●「子どものいる世帯の生活状況および保護者の就業に関する調査」
-世帯類型別にみた「子育て」、「就業」と「貧困問題」-
平成 24 年 2 月 29 日(水) 平成23年11月調査
独立行政法人 労働政策研究・研修機構(理事長 山口 浩一郎)
雇用戦略部門 副主任研究員 周 燕飛
調査結果のポイント
<保育サービスの不足が専業主婦世帯の貧困を引き起こす大きな理由>
専業主婦世帯の平均年収は、妻が「パート・アルバイト」として働く世帯より65万円ほど高い。一方、専業主婦世帯の相対的貧困率は、12.4%となっており、妻が「パート・アルバイト」の世帯より約4ポイントも高い。比較的裕福な専業主婦世帯が存在する一方で、貧困層でありながらも妻が何らかの事情で働けない専業主婦世帯も大勢いる。そのうち、「保育の手だてがない」ことが理由で働けない母親は全体の半数以上を占めている。
<ひとり親における子育ての難しさ>
父子世帯の父親5人に1人は平日のふだん子どもと過ごす時間が「1時間未満」となっているほか、夕食をともにできないという問題も深刻である。小学校以上の子どもを持つ母子世帯の母親8人に1人が、「子どもの不登校問題」を経験していた。無業母子世帯の母親の2割弱は、「わが子を虐待しているのではないか」、と思い悩んだことがある。
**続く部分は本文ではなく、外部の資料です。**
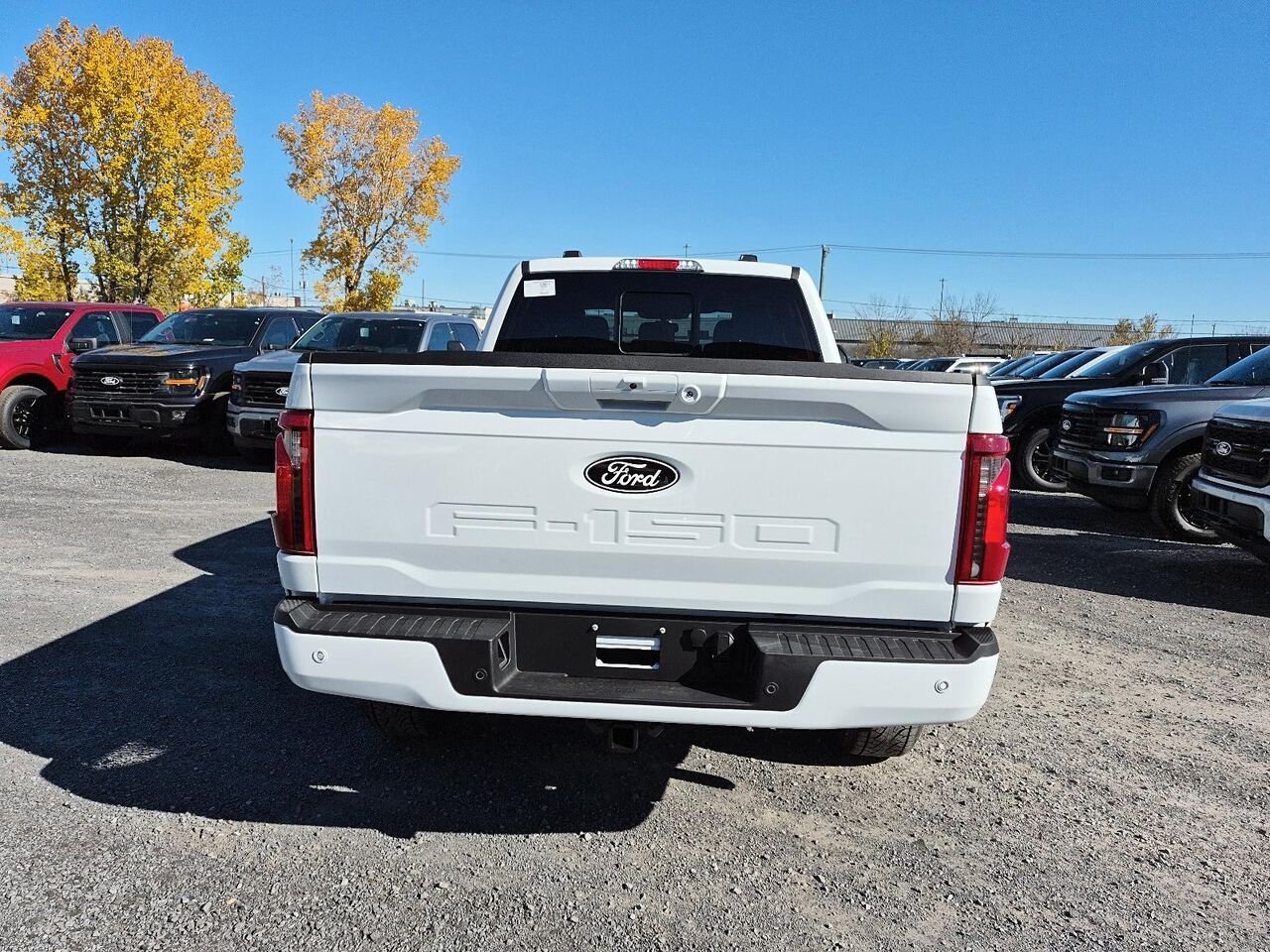 Ford F-150 2F417 | XLT 2026 Blanc Oxford Saint-Jérôme - photo #4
<ワーク・ライフ・コンフリクトの際に仕事を優先する傾向も>
仕事を持つ保護者に仕事と家庭生活のコンフリクトが起きる頻度をたずねたところ、「ほぼ毎日」と回答した保護者の割合は、母子世帯16.8%、父子世帯13.8%、ふたり親世帯(母親)7.6%となっている。また、ワークライフバランスが困難な場合、保護者は仕事を優先する傾向もうかがえる。多くの保護者は「仕事の時間が長すぎる」または「仕事で疲れ切ってしまった」ことが原因で家事と育児を十分に果たせなかったと回答している。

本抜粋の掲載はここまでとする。